Take the material below and reproduce, word for word, only the lines from the line with "Clayre &amp; Eef" through the line with "Aerial footage sail".

■ **Data provided**
+++++

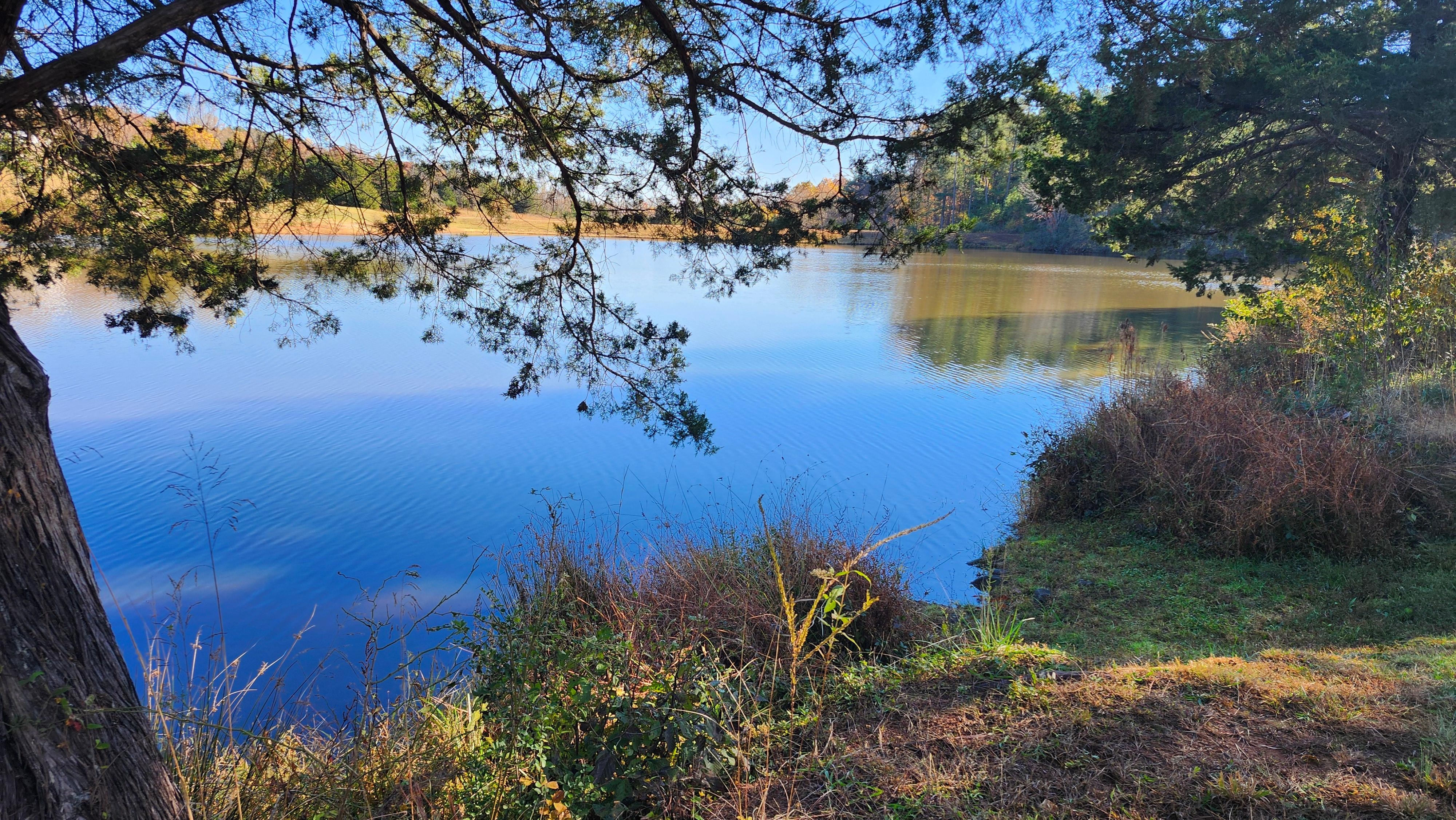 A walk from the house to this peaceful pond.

+++++

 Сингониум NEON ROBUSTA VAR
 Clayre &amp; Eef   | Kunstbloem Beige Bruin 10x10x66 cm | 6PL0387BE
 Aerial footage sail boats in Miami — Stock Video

+++++

■ **Task result**
 Clayre &amp; Eef   | Kunstbloem Beige Bruin 10x10x66 cm | 6PL0387BE
 Aerial footage sail boats in Miami — Stock Video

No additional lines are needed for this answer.